If that's the case, the clickbait-y headline's bordering on useless, since the performance differences here have nothing to do with clang itself-- you'd see the same results if you had ordered your includes the same way by hand.

No, the headline pretty clearly states "Clang Format". I've used clang-format on MSVC codebases, and imagine there are some who use it with GCC (say, for instance, the author). It's still the best C++ formatter, as far as I know, and is compiler-independent.
It's basically the gorilla in the space, and it's good.

There is no gcc equivalent. In any case there no 1:1 relationship between formatters anyways: you might compiler you codebase with N compilers, but you'll only have one formatter unless you are insane. So my codebases are not "gcc" or "clang" codebases, but basically "linux" codebases - but the formatter is always clang-format.

I'm talking about clang-format, a formatting tool for C and C++ code, which has nothing to do with compiling your code with clang. You can use it with any compiler.

That said, the title is still a lie in that clang-format is not really at a fault here at all: clang-format triggered the issue on my codebase, by sorting header files, and this in turn triggered a libc performance issue.

So as I initially say it, a commit which purely clang-format 'd my codebase caused a massive regression - but the full story is doesn't implicate clang-format at all, really.

The title would be a /little/ clearer with a dash between Clang and format.
Or "header inclusion order may affect performance." If someone points to this as a reason not to use clang-format...
clang-format reordering includes is a terrible behaviour. It would break many C/C++ projects.
It's optional, although it's enabled by default in the LLVM and Chromium styles.
That's a bizarre optional feature to have; it's tantamount to having a "blindly reorder logic" function that sorts your source alphanumerically.
Not really too bizarre. Header files should include or declare everything they need; they should not introduce include-order dependencies. Listing your includes in lexicographic order is a good way to enforce header completeness.
It is by convention that C/C++ headers rely on preprocessor state to determine what blocks to reveal, macros to use, et al.

It is quite common to have an auto-generated configuration header, for instance; or a precompiled header; or optional headers that, when present, mutate the behaviour of other headers.

Every time you run a configure script for a C project there's a good chance you're interacting with code in this way.

Yeah, and if you want to use clang-format include reordering in such a project, you should read the docs for clang-format's "IncludeCategories". It allows you to separate your includes into blocks by providing regexes and associated priorities. Alphabetic sorting is done only within a block.

It's not like clang-format was written by idiots who never used the language before. Maybe read up on what the tool actually does before you get all mad at them?

I'm not mad?

I think it's a harmful anti-feature that's worthy of criticism.

One other ordering I've encountered which helps remove errors is to list the headers in reverse generic order. Meaning that you go from the most specific header files to the least specific.
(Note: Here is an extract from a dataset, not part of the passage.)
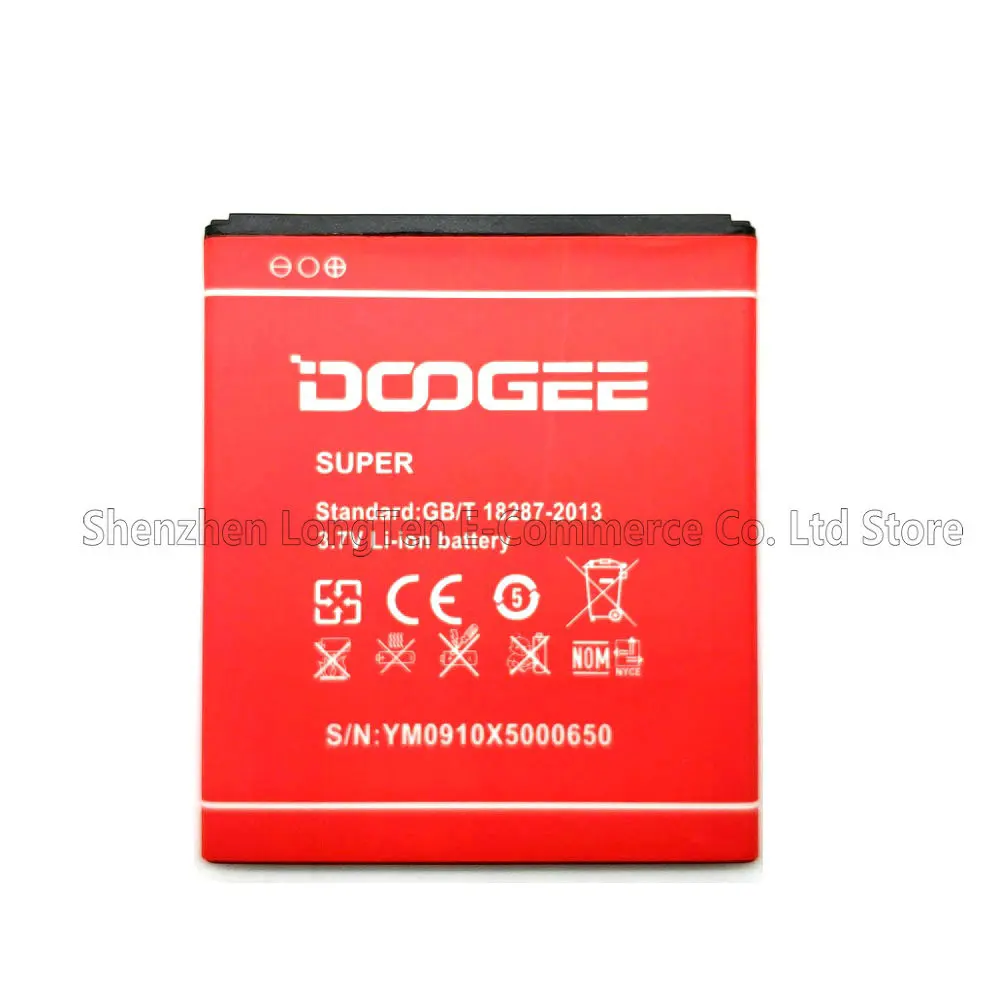 Новый аккумулятор большой емкости 3100 мАч Для DOOGEE X5 X5Pro мобильный телефон + код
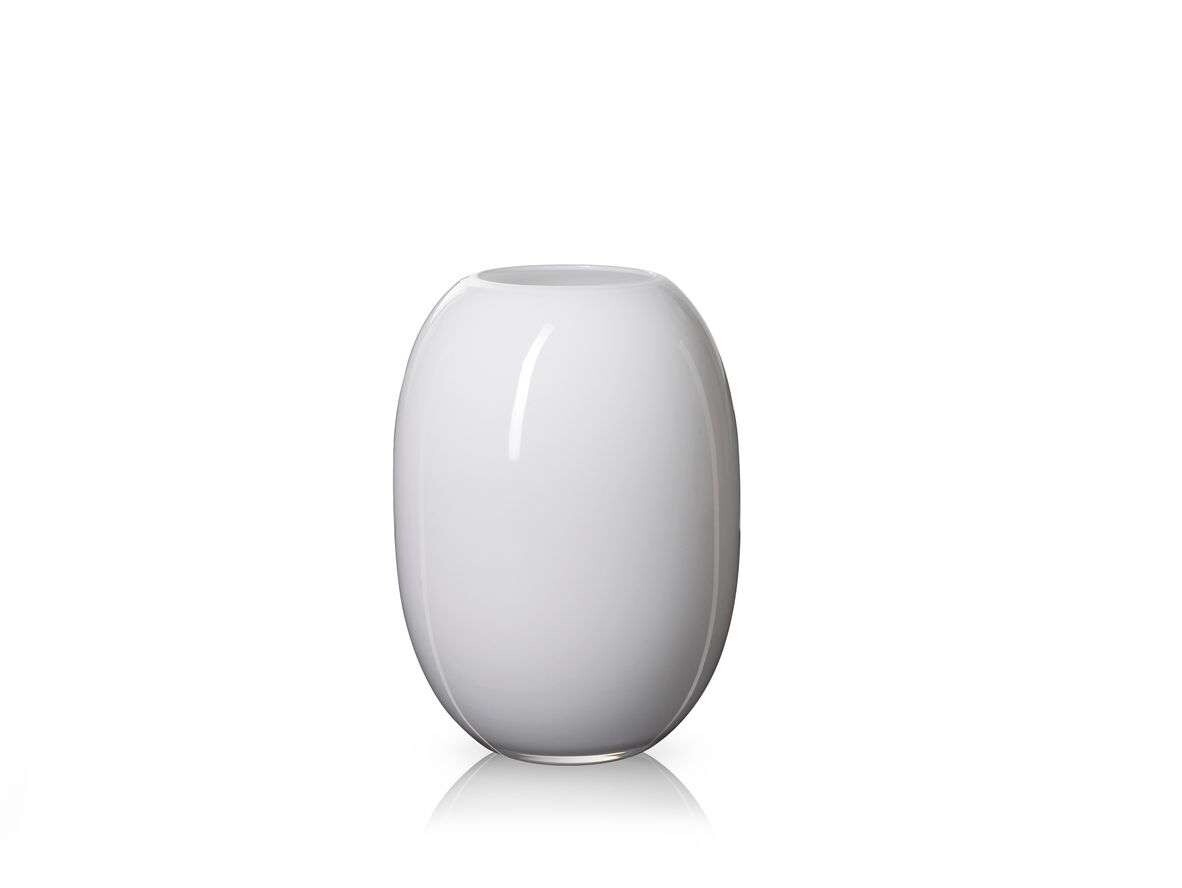 Piet Hein - Super Vase H20 Glass/White Piet Hein - Super Vase H20 Glass/White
So <algorithm> and <windows.h> would be getting included last.

This helps ensure that your specific project level header files have all the necessary forward declares and includes to be a fully functioning and complete header.

I also sort my includes this way. The trouble is, determining how generic an include (inclusion?) is is a fuzzy problem. Sometimes I get stuck trying to figure out which header is more abstract, and at times I've run into side effects like this even with reverse generic sorting.
Yeah, this header sorting is only meant to be a tool to help craft header files which are independent. If that's not your project structure then you can use whatever sorting you want.

In the end though you'll have to make a decision on how to sort the projects and which one is more or less specific than another. Kind of like deciding to just sort by pointer address if all else is equal.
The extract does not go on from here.